Les pratiques fiscales des entreprises sont en train de s’imposer comme un axe majeur de leur responsabilité sociale. Face au manque de transparence et à l’évasion fiscale qui persistent, de plus en plus d’acteurs militent pour durcir le cadre réglementaire.

Près de 1 000 milliards de dollars sont transférés chaque année par les multinationales dans des paradis fiscaux. C’est l’un des chiffres à retenir du dernier rapport de l’Observatoire Européen de la Fiscalité paru le jeudi 6 juin. Souvent grâce à l’exploitation de failles dans des dispositifs légaux, les grandes entreprises parviennent ainsi à échapper au paiement de l’impôt. Surtout, elles sont encore loin du compte en matière de transparence fiscale : seules 2% des multinationales réalisent aujourd’hui un rapport de leurs résultats financiers pays par pays, qui rend public la répartition de leurs bénéfices et de leurs contributions fiscales dans les différents pays où elles opèrent.

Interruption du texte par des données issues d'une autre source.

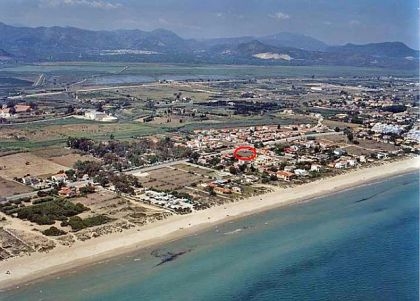 Denia property: Villa in Alicante to rent 89879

Face à cette réalité, l’Observatoire Européen de la Fiscalité recommande de renforcer les exigences de transparence fiscale pour les multinationales. “Le sujet de la transparence fiscale monte en puissance depuis plusieurs années”, commente Quentin Arnaud, maître de conférences à l’Université Toulouse Capitole, et spécialiste des liens entre fiscalité et RSE. “Depuis la fin des années 2010, le standard 207 de la Global Reporting Initiative demande aux entreprises de divulguer un certain nombre d’informations sur leurs pratiques fiscales et en France la DPEF (Déclaration de performance extra financière, ndlr) également”, avance-t-il. Un tabou serait même en train de tomber concernant la justice fiscale. C’est en tout cas ce que croit Quentin Parrinello, porte-parole de l’Observatoire. “La fiscalité des grandes entreprises est redevenue un sujet politique. Ces dernières réalisent que c’est un enjeu social et sociétal pour elles, que cela fait partie de leur politique RSE. Il y a 10 ou 15 ans, c’était impensable” analyse-t-il.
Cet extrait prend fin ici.